↓
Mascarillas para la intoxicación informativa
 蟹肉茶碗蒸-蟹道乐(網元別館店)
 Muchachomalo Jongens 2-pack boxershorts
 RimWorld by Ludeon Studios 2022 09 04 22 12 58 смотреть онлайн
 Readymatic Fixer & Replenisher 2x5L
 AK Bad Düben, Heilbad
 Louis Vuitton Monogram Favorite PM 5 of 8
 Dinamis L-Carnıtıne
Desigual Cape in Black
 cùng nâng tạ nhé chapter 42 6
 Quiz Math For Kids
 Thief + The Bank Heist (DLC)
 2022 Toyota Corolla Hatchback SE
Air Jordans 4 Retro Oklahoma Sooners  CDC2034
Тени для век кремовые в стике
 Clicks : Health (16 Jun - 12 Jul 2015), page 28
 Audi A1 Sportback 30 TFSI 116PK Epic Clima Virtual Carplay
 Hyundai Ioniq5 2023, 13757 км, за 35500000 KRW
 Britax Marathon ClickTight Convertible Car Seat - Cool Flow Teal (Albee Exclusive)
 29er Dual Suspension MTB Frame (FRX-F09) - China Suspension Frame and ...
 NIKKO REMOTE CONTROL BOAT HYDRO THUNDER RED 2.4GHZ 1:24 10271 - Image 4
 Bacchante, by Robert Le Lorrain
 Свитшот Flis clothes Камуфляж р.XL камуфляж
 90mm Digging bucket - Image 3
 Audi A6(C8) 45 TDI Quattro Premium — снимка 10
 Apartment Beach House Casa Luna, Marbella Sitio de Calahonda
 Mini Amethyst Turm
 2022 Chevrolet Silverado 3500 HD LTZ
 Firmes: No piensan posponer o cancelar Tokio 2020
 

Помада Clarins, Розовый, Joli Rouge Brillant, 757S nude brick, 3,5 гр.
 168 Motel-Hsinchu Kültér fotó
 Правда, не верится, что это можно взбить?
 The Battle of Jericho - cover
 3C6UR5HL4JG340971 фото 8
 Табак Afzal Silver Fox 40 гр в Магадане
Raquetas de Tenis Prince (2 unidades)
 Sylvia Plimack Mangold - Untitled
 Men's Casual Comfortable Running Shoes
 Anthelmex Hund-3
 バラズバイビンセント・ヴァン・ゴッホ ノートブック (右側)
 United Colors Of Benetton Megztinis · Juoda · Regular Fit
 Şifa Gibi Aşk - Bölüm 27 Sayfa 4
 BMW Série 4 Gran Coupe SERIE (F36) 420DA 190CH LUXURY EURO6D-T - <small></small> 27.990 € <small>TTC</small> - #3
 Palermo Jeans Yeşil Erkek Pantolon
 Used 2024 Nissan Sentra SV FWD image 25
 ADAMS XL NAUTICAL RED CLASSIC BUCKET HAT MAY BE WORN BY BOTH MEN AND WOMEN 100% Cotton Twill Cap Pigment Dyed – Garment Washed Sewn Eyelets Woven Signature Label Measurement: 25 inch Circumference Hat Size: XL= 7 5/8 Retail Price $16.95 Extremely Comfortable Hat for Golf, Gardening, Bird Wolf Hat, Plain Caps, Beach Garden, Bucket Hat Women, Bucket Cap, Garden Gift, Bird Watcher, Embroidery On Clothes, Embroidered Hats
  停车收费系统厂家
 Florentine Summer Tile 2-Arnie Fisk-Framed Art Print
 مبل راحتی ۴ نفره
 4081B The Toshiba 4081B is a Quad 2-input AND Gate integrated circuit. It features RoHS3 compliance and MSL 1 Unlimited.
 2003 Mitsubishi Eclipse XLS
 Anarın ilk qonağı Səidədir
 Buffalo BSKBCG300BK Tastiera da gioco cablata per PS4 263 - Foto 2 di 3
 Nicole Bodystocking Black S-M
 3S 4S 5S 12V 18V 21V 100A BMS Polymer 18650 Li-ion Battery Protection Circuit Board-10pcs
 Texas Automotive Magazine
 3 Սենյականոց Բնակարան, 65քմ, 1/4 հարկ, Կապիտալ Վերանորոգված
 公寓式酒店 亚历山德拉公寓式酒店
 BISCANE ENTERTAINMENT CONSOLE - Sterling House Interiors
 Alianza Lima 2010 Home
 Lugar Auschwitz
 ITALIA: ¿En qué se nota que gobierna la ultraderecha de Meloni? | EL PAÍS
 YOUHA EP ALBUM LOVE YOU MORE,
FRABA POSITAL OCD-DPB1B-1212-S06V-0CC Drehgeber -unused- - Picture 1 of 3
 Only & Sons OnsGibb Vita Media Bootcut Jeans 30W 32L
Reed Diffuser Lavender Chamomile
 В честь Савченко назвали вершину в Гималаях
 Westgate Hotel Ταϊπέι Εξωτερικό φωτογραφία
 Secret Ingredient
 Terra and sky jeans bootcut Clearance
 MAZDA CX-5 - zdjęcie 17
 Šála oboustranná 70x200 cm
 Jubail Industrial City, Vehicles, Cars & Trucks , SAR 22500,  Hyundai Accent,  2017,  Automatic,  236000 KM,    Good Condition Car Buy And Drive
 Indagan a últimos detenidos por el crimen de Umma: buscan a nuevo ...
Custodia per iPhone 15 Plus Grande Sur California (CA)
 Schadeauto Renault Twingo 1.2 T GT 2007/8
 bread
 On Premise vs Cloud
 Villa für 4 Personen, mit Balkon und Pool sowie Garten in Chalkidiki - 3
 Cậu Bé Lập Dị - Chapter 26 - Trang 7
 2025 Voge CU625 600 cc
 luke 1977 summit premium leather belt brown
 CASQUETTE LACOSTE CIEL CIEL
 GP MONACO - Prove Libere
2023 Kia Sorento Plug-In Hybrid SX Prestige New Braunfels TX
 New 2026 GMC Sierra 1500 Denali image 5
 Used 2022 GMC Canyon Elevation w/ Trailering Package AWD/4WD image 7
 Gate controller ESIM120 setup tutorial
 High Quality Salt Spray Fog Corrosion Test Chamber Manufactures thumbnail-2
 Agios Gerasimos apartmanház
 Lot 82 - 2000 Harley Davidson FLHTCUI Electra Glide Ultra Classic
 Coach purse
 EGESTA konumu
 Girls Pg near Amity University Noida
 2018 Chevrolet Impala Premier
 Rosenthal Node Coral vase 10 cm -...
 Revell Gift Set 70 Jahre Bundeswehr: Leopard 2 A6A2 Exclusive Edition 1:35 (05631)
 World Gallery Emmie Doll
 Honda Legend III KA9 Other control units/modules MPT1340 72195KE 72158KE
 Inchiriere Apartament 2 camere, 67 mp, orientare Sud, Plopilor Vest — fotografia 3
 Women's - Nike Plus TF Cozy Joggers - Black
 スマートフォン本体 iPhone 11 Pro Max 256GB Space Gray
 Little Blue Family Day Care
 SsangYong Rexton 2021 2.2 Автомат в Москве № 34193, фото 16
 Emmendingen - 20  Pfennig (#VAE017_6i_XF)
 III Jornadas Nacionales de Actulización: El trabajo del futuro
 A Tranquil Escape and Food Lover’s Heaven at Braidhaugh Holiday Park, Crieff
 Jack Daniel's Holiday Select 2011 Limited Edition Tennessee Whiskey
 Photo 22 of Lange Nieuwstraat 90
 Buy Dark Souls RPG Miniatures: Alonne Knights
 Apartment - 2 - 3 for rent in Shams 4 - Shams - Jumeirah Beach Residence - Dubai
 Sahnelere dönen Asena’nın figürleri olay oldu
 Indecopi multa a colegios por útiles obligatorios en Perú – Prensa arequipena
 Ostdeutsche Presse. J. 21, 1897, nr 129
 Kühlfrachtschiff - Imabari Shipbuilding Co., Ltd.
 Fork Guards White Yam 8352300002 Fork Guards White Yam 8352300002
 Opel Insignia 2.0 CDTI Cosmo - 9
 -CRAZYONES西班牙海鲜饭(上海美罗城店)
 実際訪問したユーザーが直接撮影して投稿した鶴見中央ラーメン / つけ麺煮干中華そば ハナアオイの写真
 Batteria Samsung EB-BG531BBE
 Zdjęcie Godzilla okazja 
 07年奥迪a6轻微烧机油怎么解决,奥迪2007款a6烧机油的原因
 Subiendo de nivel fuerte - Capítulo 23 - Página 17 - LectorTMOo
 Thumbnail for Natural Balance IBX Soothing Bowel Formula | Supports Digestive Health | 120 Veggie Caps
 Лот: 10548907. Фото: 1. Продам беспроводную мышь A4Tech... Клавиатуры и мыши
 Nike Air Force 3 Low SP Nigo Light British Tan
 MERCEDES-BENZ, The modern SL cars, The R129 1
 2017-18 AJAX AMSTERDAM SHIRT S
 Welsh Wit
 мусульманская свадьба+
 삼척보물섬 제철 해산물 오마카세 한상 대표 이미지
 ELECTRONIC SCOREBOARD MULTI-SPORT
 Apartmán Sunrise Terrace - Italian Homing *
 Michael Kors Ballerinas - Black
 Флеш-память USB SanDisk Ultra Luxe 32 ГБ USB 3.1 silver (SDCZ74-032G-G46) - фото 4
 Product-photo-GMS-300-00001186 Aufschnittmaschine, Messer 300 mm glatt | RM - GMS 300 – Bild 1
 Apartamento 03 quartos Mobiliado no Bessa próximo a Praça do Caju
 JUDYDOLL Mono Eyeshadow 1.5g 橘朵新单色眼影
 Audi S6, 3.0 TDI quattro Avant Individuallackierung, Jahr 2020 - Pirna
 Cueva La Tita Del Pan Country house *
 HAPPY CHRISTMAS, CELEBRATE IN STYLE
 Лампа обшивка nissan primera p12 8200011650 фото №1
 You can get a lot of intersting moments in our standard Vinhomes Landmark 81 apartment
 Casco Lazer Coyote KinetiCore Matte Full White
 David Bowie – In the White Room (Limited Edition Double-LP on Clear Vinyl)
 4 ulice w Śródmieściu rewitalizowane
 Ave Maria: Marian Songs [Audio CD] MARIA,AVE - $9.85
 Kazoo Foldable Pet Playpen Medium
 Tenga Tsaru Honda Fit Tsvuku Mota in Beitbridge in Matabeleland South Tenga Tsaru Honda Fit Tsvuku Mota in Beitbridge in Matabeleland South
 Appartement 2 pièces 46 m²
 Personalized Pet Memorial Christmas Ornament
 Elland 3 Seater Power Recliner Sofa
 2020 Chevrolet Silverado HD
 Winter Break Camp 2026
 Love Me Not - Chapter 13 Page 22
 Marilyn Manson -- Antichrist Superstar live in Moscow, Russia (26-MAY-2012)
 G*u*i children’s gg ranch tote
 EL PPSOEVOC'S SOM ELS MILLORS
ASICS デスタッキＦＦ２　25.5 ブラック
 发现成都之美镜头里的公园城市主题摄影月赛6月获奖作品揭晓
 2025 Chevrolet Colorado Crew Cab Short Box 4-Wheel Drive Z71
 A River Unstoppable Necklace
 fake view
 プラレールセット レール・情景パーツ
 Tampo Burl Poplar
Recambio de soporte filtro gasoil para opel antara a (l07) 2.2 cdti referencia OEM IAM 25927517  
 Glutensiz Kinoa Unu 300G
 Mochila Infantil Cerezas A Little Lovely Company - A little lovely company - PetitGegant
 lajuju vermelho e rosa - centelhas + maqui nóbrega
↑
[Task goal]:
Using the entries above, return exactly the lines from the line with "90mm Digging bucket - Image 3" to the line with "Firmes: No piensan", counting both of those lines.

[Response to this task]:
 90mm Digging bucket - Image 3
 Audi A6(C8) 45 TDI Quattro Premium — снимка 10
 Apartment Beach House Casa Luna, Marbella Sitio de Calahonda
 Mini Amethyst Turm
 2022 Chevrolet Silverado 3500 HD LTZ
 Firmes: No piensan posponer o cancelar Tokio 2020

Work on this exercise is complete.